La formation théorique des pilotes a été entamée en 2015 et nos perspectives en 2022, c’est de lancer la formation pratique des stagiaires qui ont clôturé leurs formations théoriques de pilotes de ligne, soit 7 stagiaires qui sont en attente de bénéficier de ce complément de formation. Dans nos plans prévisionnels pour cette même année, figuraient en bonnes places : l’ouverture de 3 sessions de formation, dont une a clos ses programmes le 20 juin 2022, et deux autres en cours de lancement qui sont prévues pour ce mois de juillet.
Dans ces mêmes perspectives, notre école avait prévu d’acquérir deux avions bimoteurs DA42 (quadriplaces) et DA 62 (sept places), et de construire une infrastructure technique au niveau de l’aérodrome d’Oran qui aura vocation d’abriter les aéronefs et les ateliers de maintenance. Malheureusement, notre entreprise n’a pas pu, à ce jour, concrétiser ces projets d’investissements qui sont, pour elle, des axes incontournables dans le processus de son développement et les conditions sine qua non pour sa durabilité professionnelle. Ce qui brouille notre horizon, au jour d’aujourd’hui, c’est une absence de visibilité.
Pourriez-vous nous expliquer davantage à quoi est due cette absence de visibilité ? A des problèmes financiers, des problèmes d’investissements ?

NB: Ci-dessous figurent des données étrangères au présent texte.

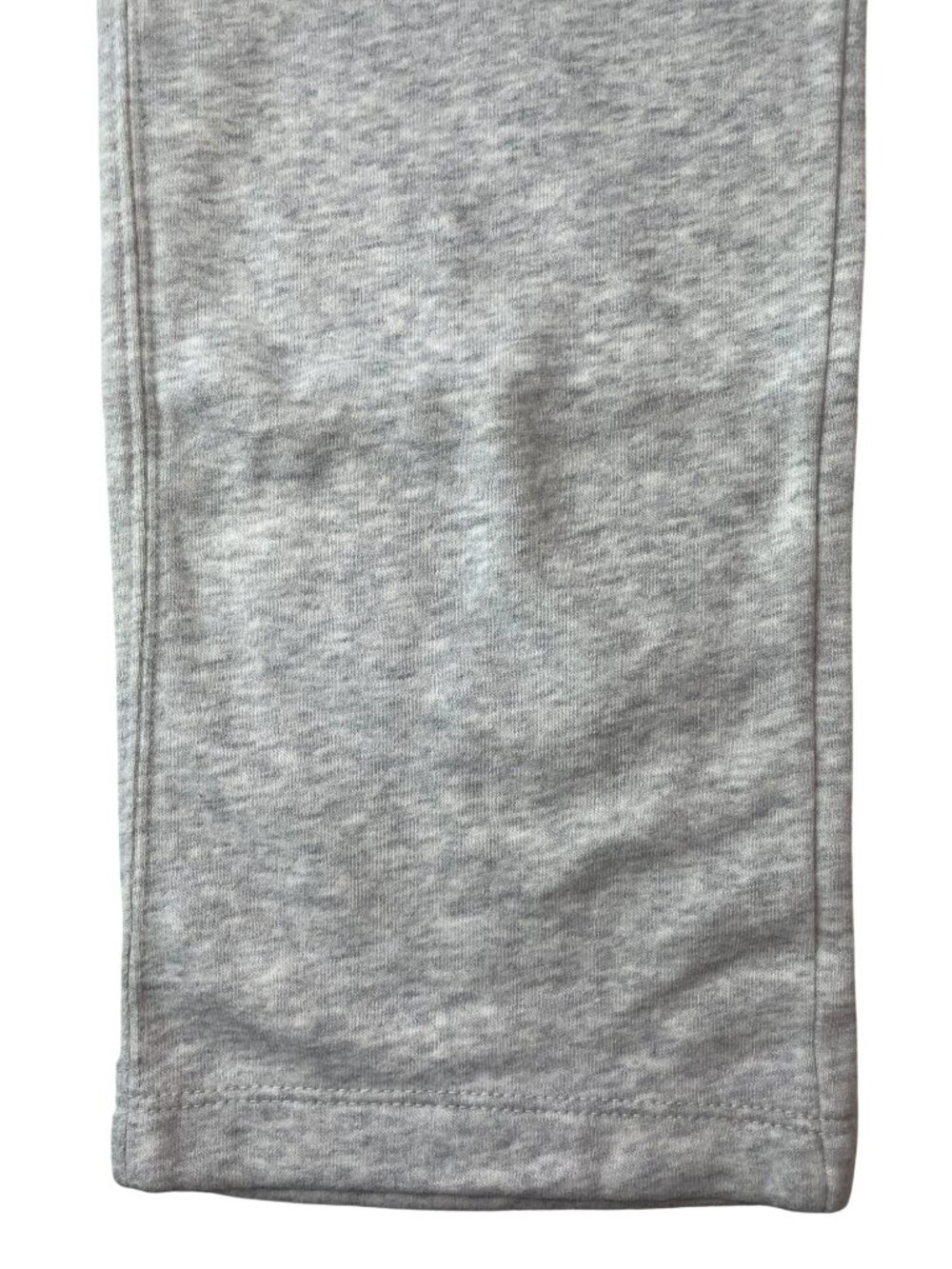 Abercrombie Kids A&F Essentials Grey Fleece Joggers Size 9/10 MSRP$40 NWT - Picture 3 of 7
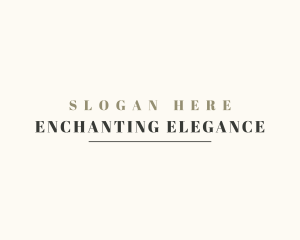 Premium Elegant Deluxe logo design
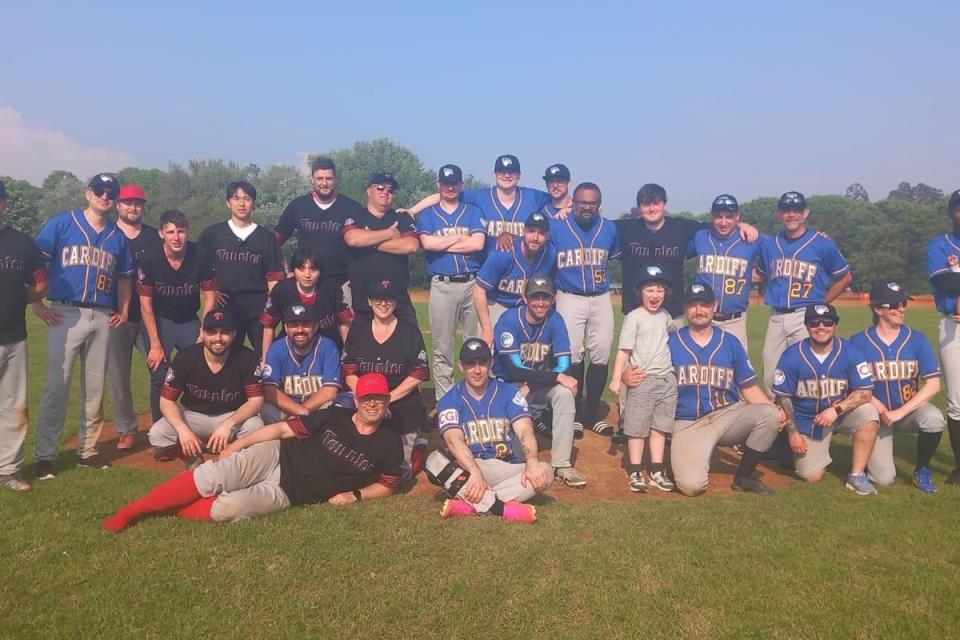 Mixed fortunes for The Pistols and The Muskets in weekend action <i>(Image: Taunton Baseball Club)</i>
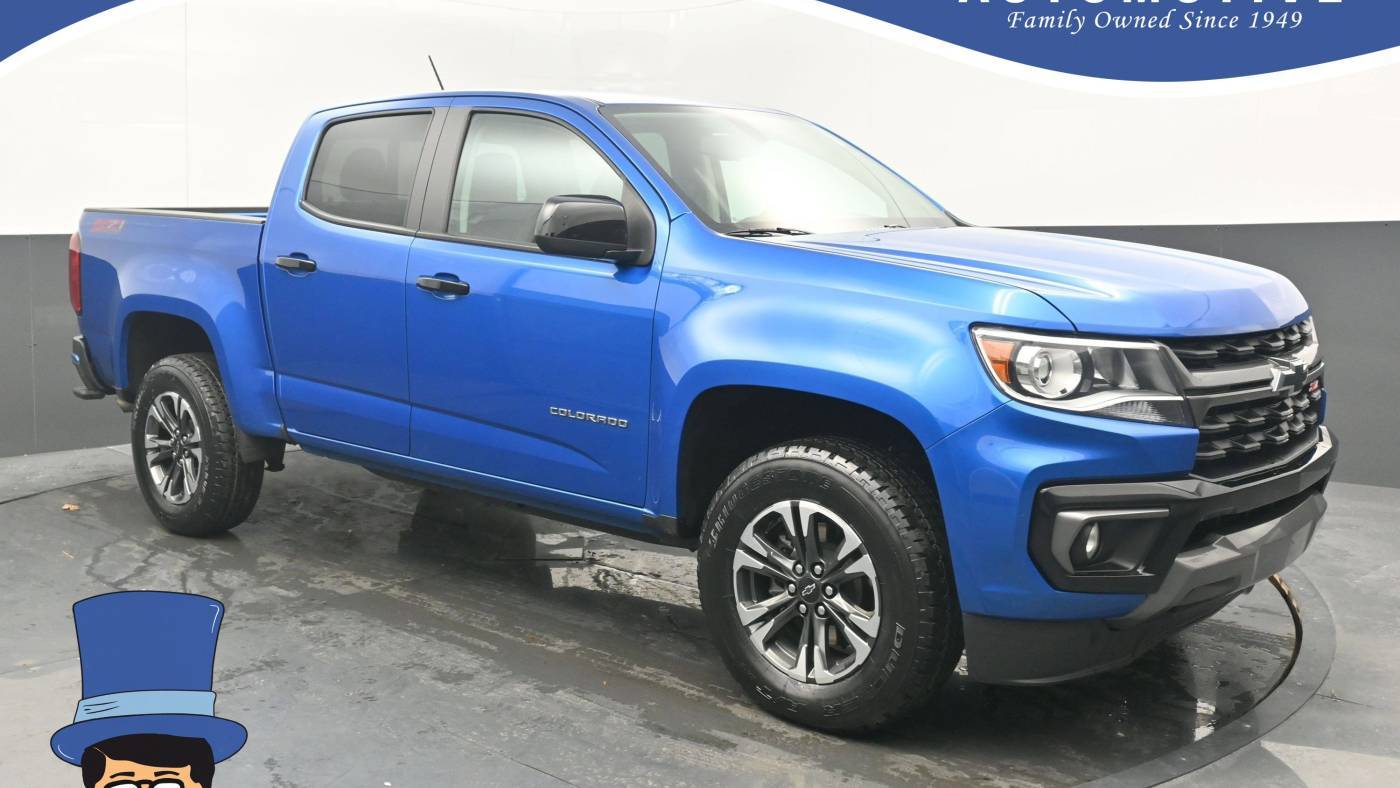 2022 Chevrolet Colorado Z71 — Pickup Truck — 52,406 mi — Memphis, TN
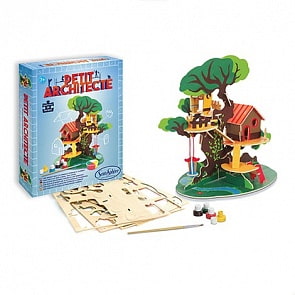 Набор для творчества – Маленький Архитектор. Домик (SentoSpherE, 5001)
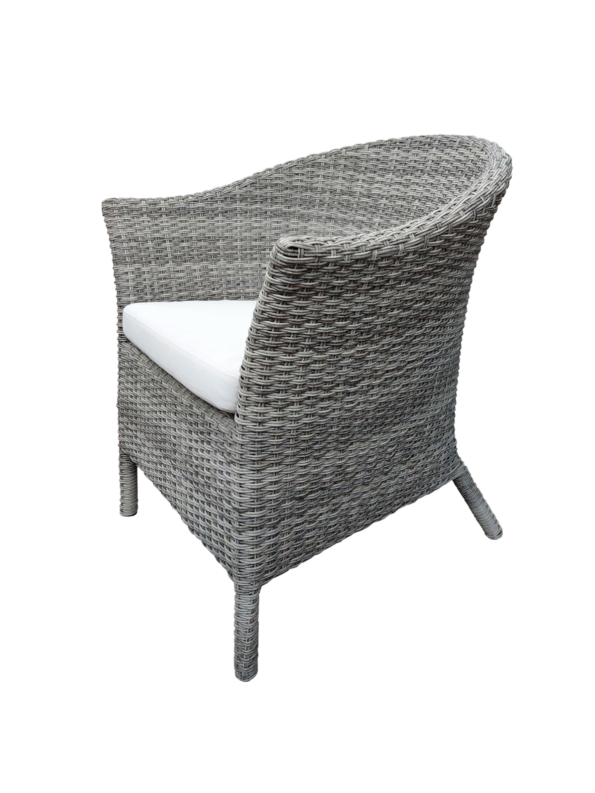 Silla Westin Gris Claro Perspectiva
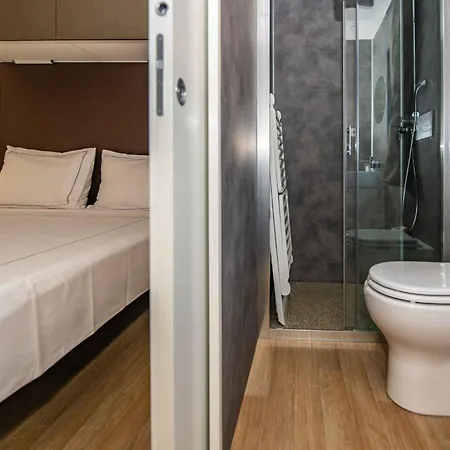 Mobile Homes With Pool In Medulin-istrien 38800 Feriepark Medulin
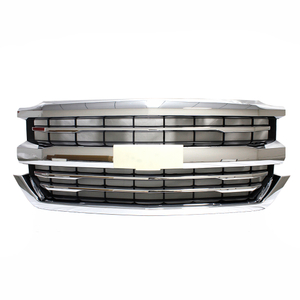 Grille For Chevrolet Silverado 1500 2016-2018/chrome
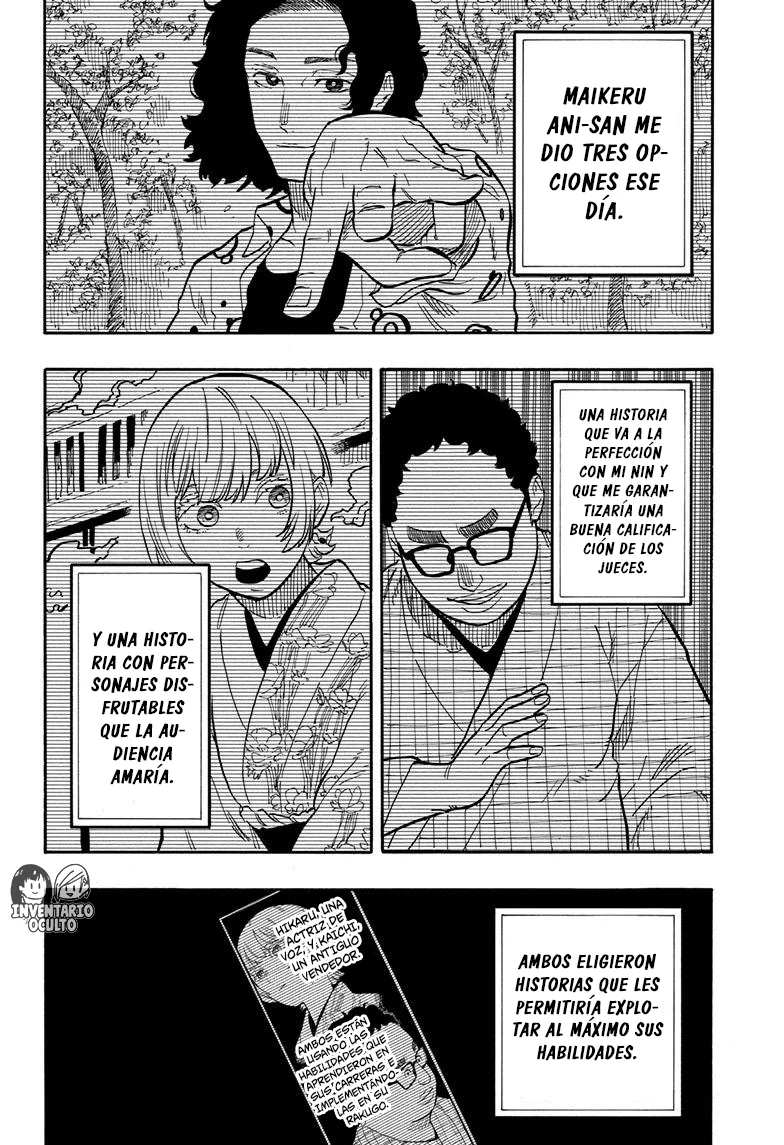 Read Akane banashi (ES) Manga Online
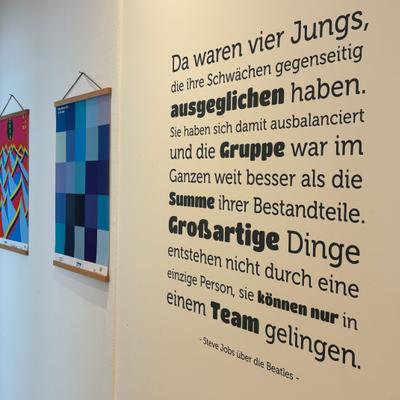 Bald neue Räumlichkeiten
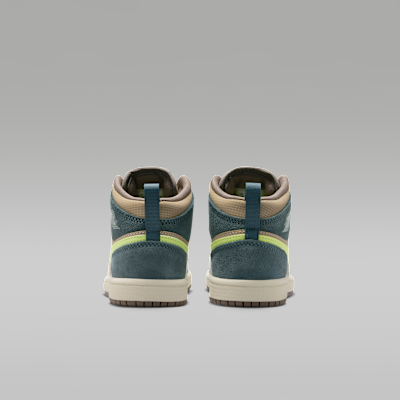 Tenis para niños de preescolar Jordan 1 Mid SE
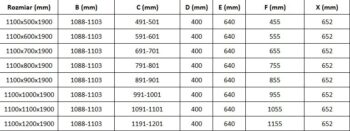 MEXEN/S - Roma sprchovací kút 110x70, grafit, chróm + biela vanička so sifónom 854-110-070-01-40-4010
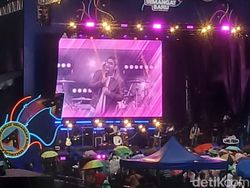 Ungu Bikin Hati Penonton HUT Ke-23 Transmedia Gak Hampa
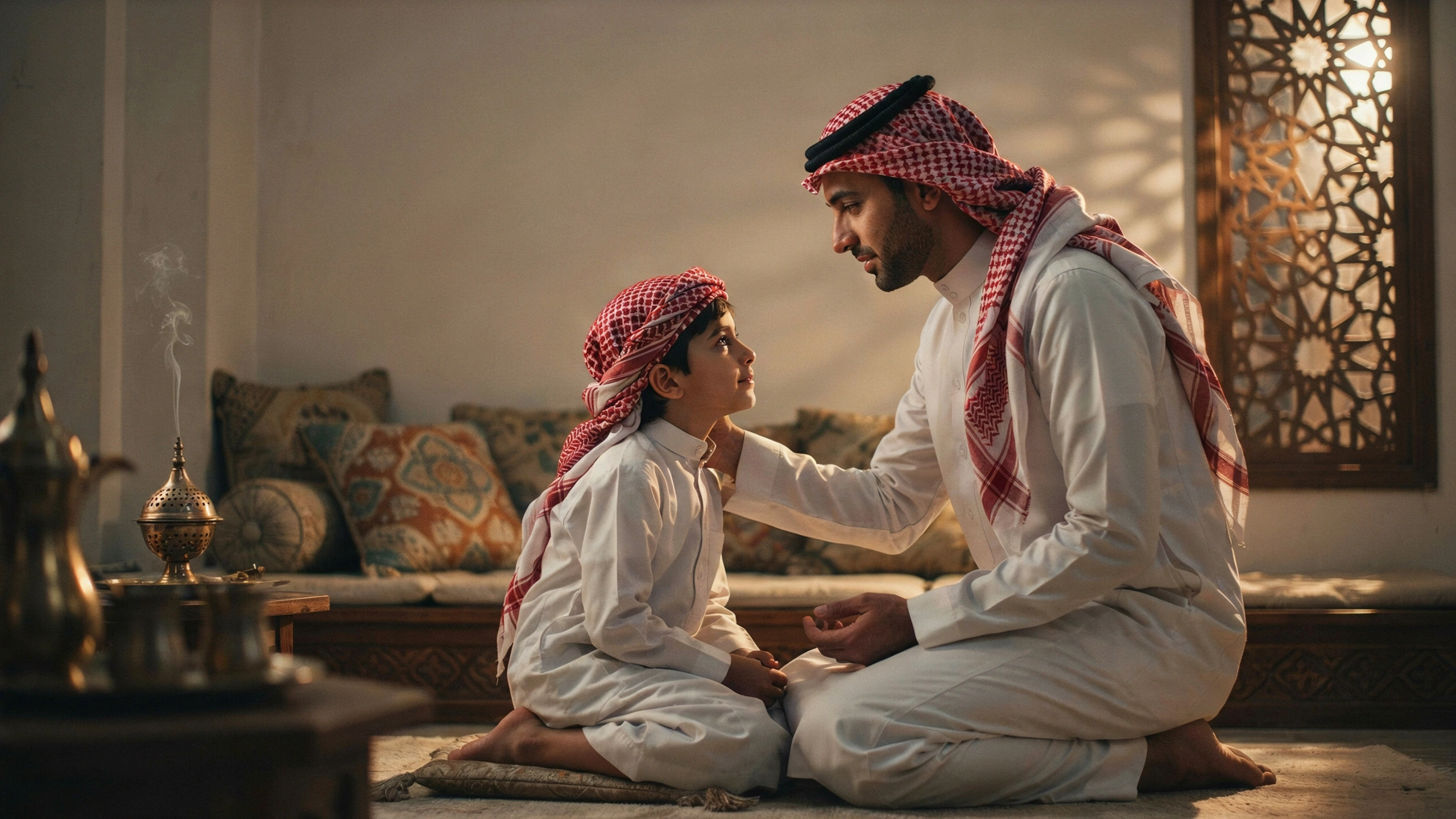 التحدث مع الطفل: كيف يفهمك من أول مرة دون صراخ
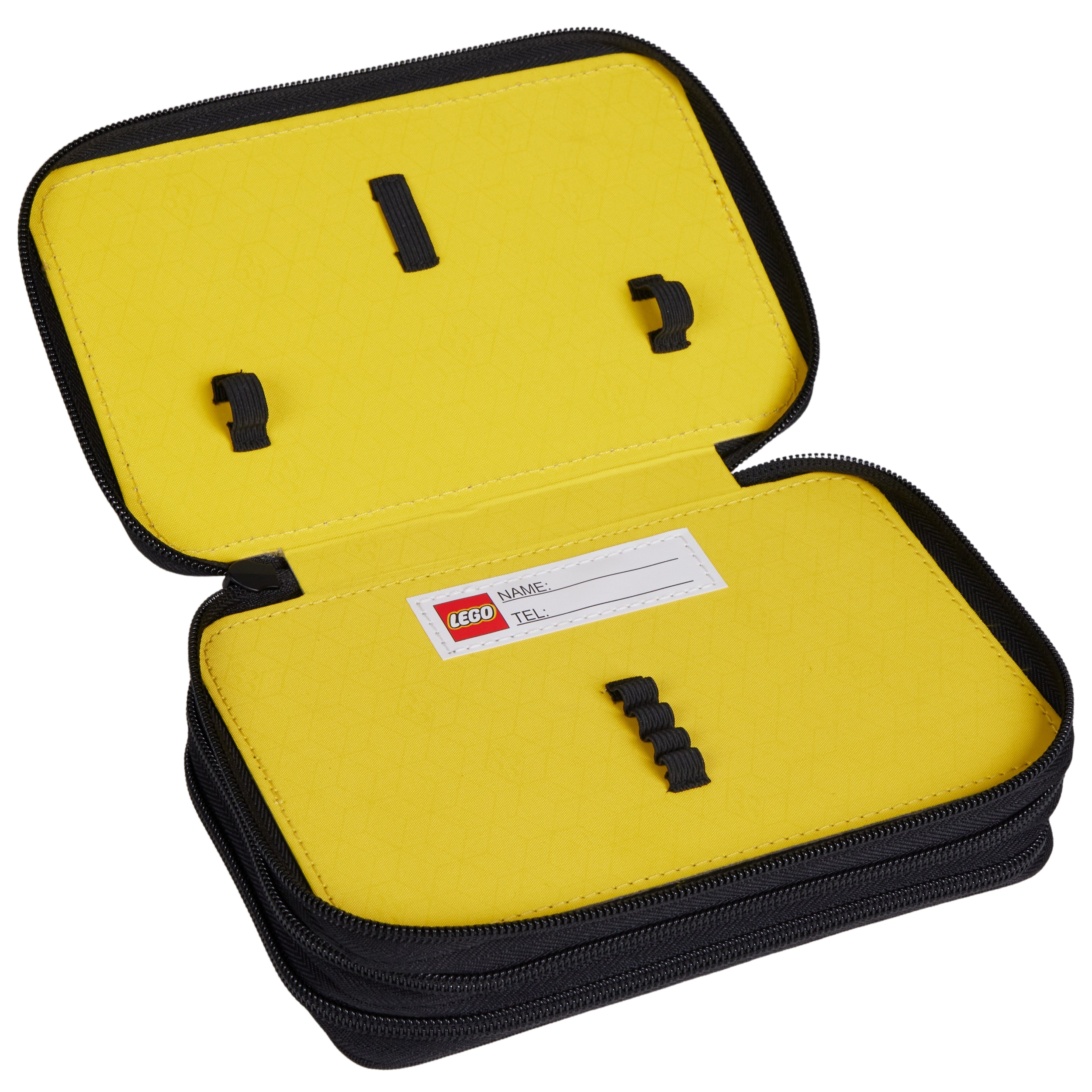 Penar Scolar LEGO Bricks cu 3 Compartimente Neechipat [4]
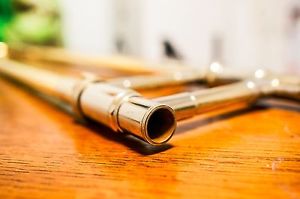 Vincent Bach 42 Yellow Slide Excellent Condition!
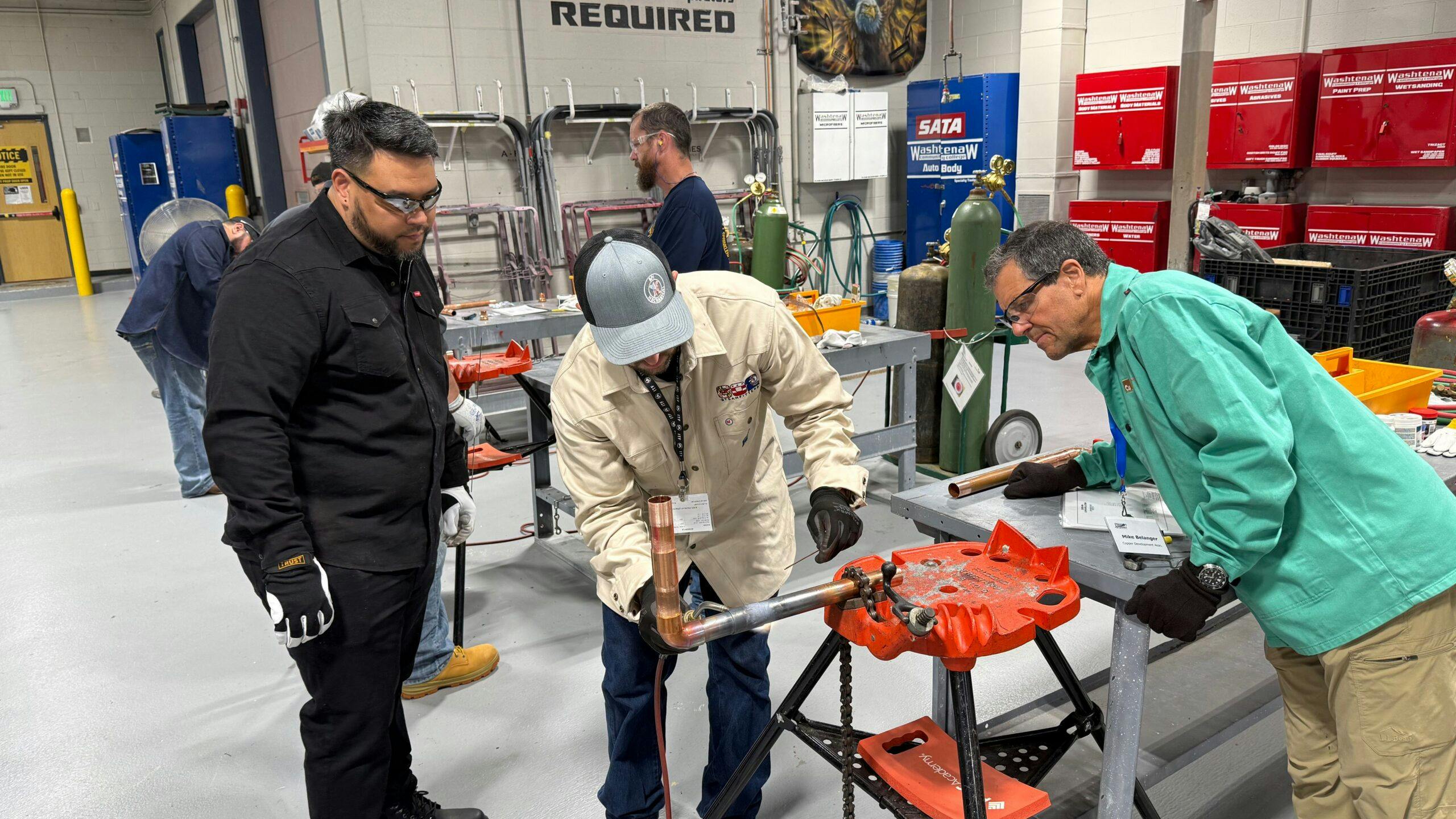 The CDA course aims to prepare participants to effectively teach soldering and brazing methods upon returning to their local training programs.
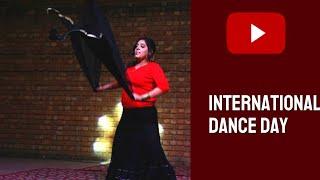 International Dance Day|Simran Chawla’s Dance Performance|Sapne Re|Secret Superstar|Blind Dancer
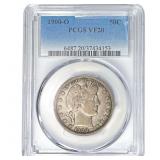 1900-O Barber Half Dollar PCGS VF20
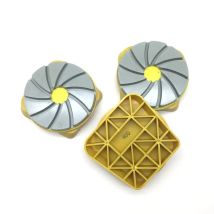 Polierpads Vortex Anorganic Terrazzo Precast Board Polierwerkzeug mit hoher Schärfe und Oberfläche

En fait, dans le cadre de la formation, l’école a investi, sur ses propres fonds, pour l’acquisition d’un matériel de formation à la pointe de la technologie, tel qu’un simulateur (ALSIM 250), et un avion monomoteur DA40NG de dernière génération. L’avion, acquis en janvier 2020, n’a été introduit en Algérie qu’en janvier 2021 et n’a pu faire son 1ervol qu’en juin 2021, soit 4 mois après son arrivé en Algérie. C’est là un énorme retard qui induit un préjudice financier important et un impact conséquent en termes de crédibilité de l’entreprise auprès de ses partenaires et clients, et cela est dû aux entraves administratives de l’autorité chargée de l’aviation civile qui met un temps très long pour délivrer les documents nécessaires. Rendez-vous compte que depuis son arrivée en Algérie, l’aéronef monomoteur acheté n’a pu effectuer que 10% de son potentiel, à savoir 180 heures, alors que pour un plan de charge optimisé, il aurait fallu consommer 80% de son potentiel horaire pour la formation de nos pilotes. Ce qui a induit une perte financière subie durant l’année 2021, de 320 heures à 35.000 DA/heure, correspondant à des pertes de onze millions deux cent mille dinars. Cette année 2022, et depuis le retour de notre aéronef d’une opération de maintenance effectuée chez le concessionnaire, l’avion est immobilisé, soit depuis le 18 mai 2022, occasionnant des pertes financières de 80 heures qui correspondent à deux millions huit cent mille dinars. Il faut ajouter à ces préjudices financiers, les retards de formation de nos stagiaires qu’occasionne le refus de délivrance de l’autorisation de survol pour un avion algérien, par la DACM – Direction de l’Aviation Civile et de la Météorologie.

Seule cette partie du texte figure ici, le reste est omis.